(TASK REQUIREMENTS):
Below are the records; give again exactly the line with "The image shows", the line with "a gray young", and each line that lies between them, and nothing besides.

-- DATA TO PROCESS follows --

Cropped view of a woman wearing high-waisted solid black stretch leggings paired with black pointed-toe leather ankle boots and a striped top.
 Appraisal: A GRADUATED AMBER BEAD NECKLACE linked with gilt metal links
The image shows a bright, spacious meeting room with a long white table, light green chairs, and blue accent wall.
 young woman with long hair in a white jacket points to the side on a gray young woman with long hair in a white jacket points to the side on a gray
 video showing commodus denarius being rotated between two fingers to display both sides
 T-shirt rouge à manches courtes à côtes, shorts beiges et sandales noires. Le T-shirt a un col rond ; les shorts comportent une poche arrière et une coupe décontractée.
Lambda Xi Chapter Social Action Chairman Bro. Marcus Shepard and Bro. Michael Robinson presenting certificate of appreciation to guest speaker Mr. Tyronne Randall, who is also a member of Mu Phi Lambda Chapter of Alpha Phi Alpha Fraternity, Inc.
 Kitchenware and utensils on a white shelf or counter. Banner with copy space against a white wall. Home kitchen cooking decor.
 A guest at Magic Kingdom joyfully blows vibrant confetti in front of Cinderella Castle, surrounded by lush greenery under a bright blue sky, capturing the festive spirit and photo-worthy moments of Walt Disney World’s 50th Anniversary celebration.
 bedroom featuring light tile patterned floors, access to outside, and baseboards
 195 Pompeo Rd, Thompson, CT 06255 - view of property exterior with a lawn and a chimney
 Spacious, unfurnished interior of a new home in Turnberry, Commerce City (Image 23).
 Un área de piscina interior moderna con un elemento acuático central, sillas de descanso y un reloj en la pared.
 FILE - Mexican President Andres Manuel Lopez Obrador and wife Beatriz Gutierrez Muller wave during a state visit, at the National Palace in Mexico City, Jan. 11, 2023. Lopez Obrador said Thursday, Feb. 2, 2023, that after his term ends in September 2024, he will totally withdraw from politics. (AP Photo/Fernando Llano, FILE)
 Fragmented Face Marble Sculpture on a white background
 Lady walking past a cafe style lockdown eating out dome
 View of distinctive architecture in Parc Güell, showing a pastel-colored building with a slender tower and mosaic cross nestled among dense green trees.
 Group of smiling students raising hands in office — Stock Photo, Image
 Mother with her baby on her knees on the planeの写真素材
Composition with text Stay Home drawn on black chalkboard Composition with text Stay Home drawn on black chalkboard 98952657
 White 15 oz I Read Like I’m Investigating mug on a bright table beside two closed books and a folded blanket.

-- DATA TO PROCESS concluded --

(RESPONSE FOR THIS EXERCISE):
The image shows a bright, spacious meeting room with a long white table, light green chairs, and blue accent wall.
 young woman with long hair in a white jacket points to the side on a gray young woman with long hair in a white jacket points to the side on a gray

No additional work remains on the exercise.